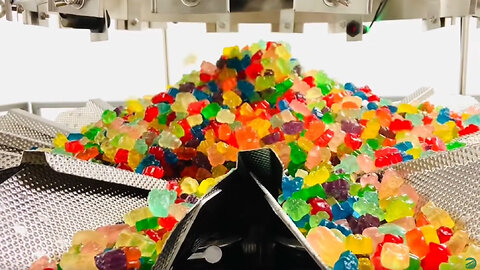 GUMMY BEARS Packing Machine | Automatic Gummy Filling Machine | Dimpled Weigher Packaging Hightek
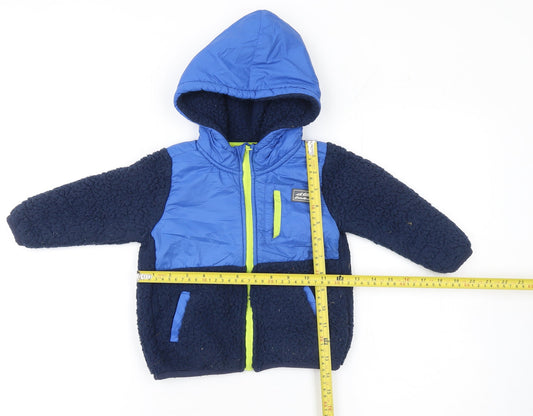 Boys UK Size 2 Years Eddie Bauer Blue Puffer Jacket
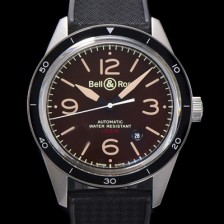 SA급 벨앤로즈 남성용 빈티지 BR V2-92  스틸 해리티지 ETA2836-2 타입 오토매틱 41mm 우레탄줄 브라운다이얼 bel9912 xx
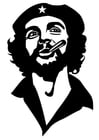 Coloring pages Che Guevara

- **Exercise objective**
Reproduce the whole listing above word for word, but not its pictures.

- **Written reply**
 GUMMY BEARS Packing Machine | Automatic Gummy Filling Machine | Dimpled Weigher Packaging Hightek
 Boys UK Size 2 Years Eddie Bauer Blue Puffer Jacket
 SA급 벨앤로즈 남성용 빈티지 BR V2-92  스틸 해리티지 ETA2836-2 타입 오토매틱 41mm 우레탄줄 브라운다이얼 bel9912 xx
 Coloring pages Che Guevara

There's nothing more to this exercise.